• [Problem to work on]: Where the line containing "A support worker" appears below, start there and repeat each line exactly to the end. Leave the pictures out.
── Information shown
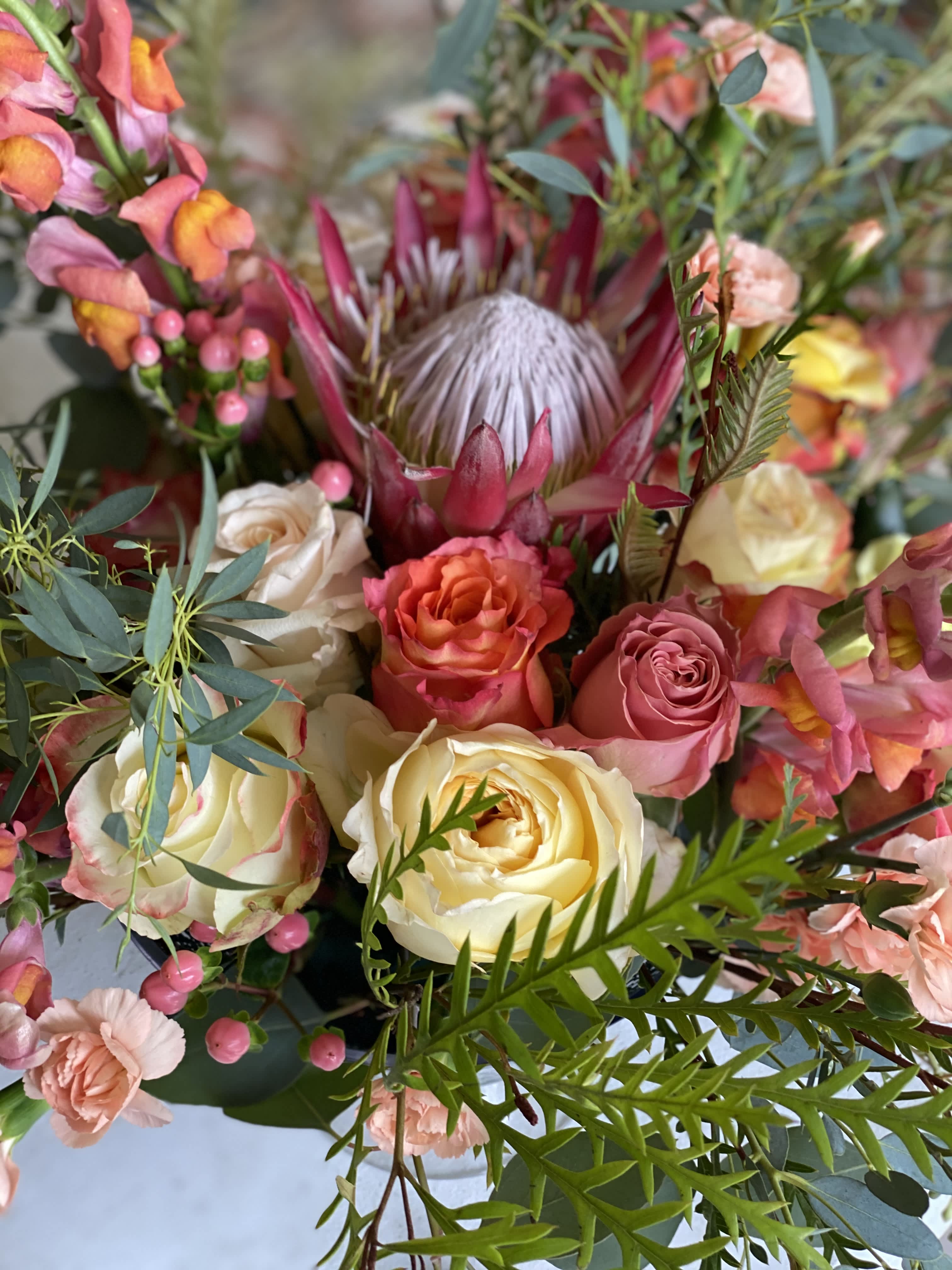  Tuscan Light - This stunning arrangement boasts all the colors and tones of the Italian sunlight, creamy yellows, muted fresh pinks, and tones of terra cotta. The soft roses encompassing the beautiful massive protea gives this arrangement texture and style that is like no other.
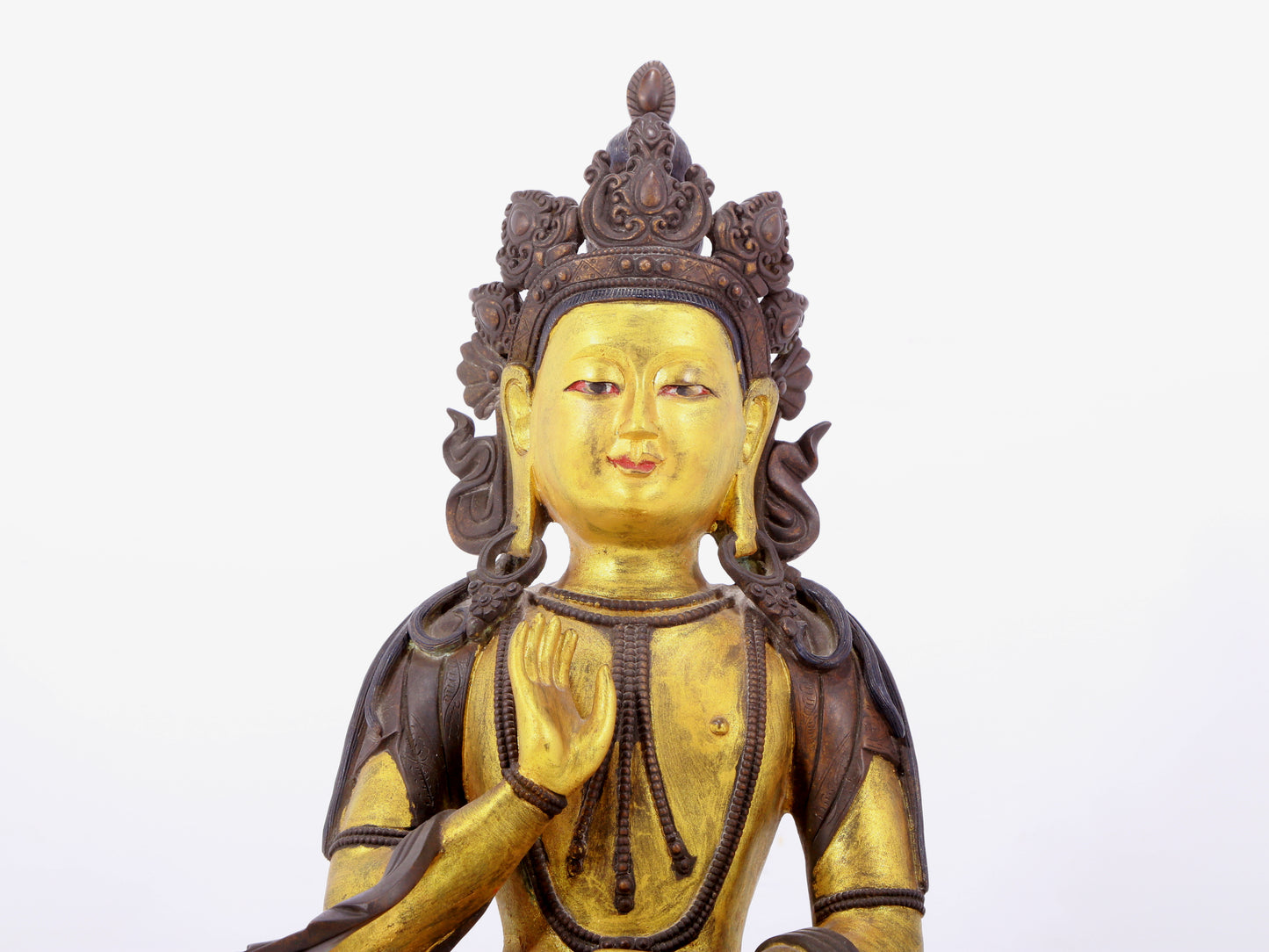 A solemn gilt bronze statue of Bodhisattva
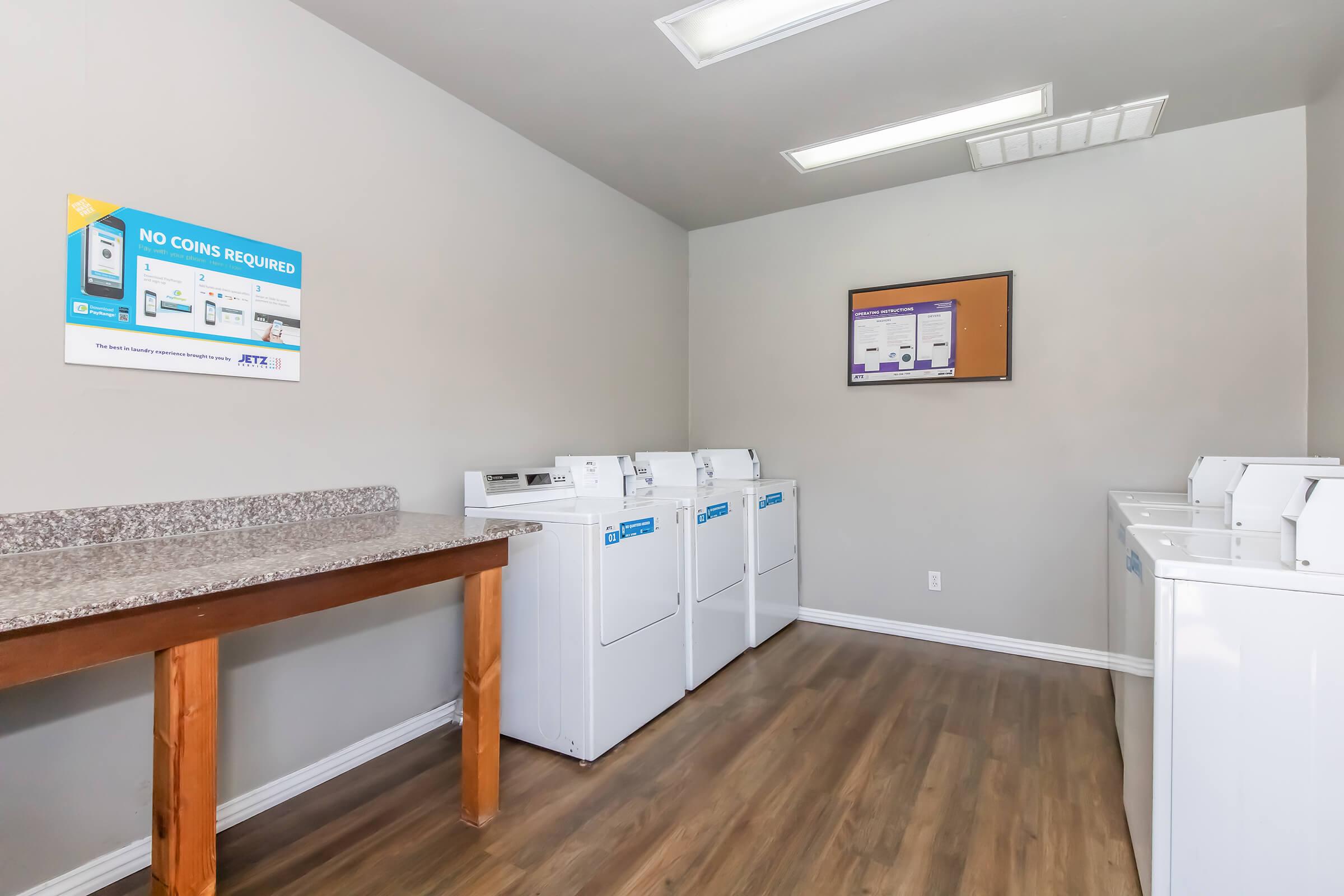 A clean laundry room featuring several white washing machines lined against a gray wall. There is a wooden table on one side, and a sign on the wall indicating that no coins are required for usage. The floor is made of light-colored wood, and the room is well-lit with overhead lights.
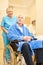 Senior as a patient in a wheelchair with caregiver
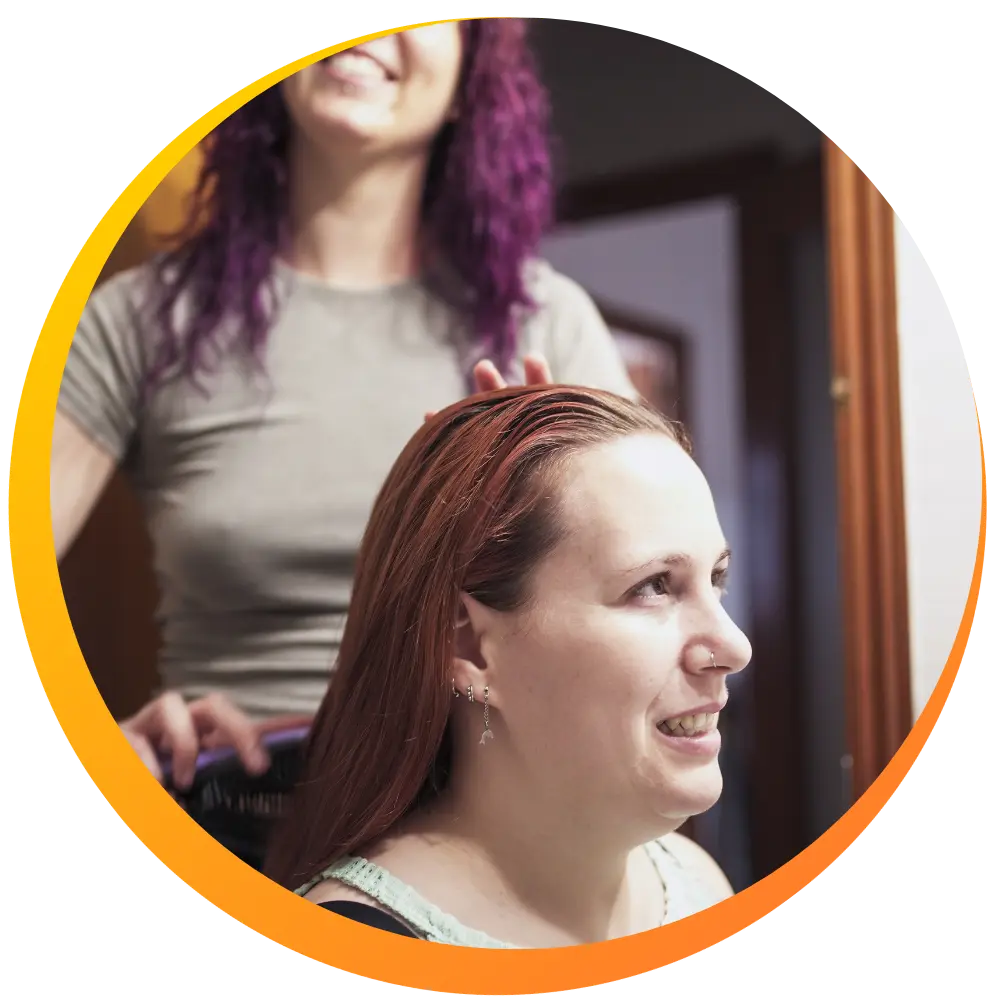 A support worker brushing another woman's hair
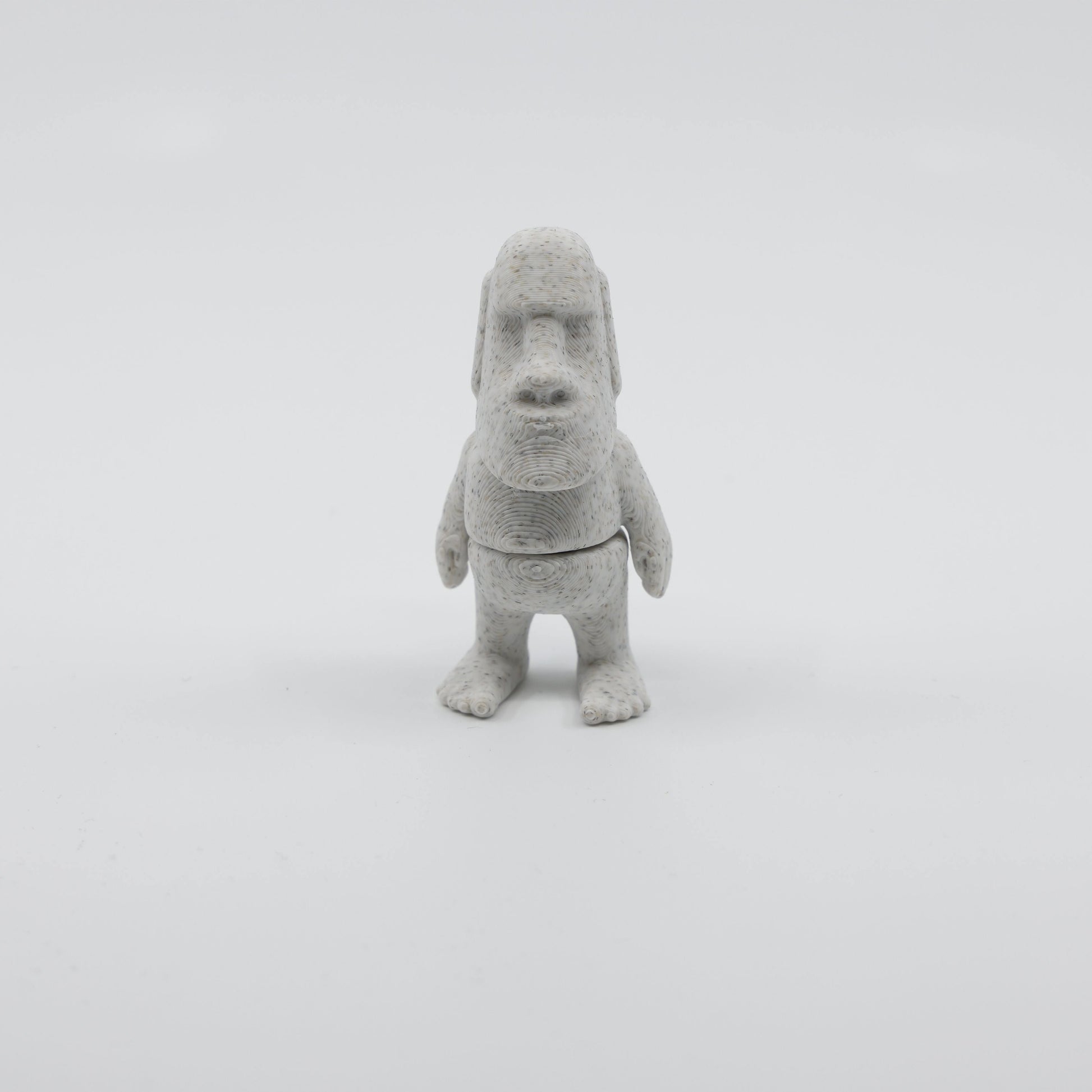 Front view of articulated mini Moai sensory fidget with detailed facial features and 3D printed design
────
• [Answer to the exercise]:
 A support worker brushing another woman's hair
 Front view of articulated mini Moai sensory fidget with detailed facial features and 3D printed design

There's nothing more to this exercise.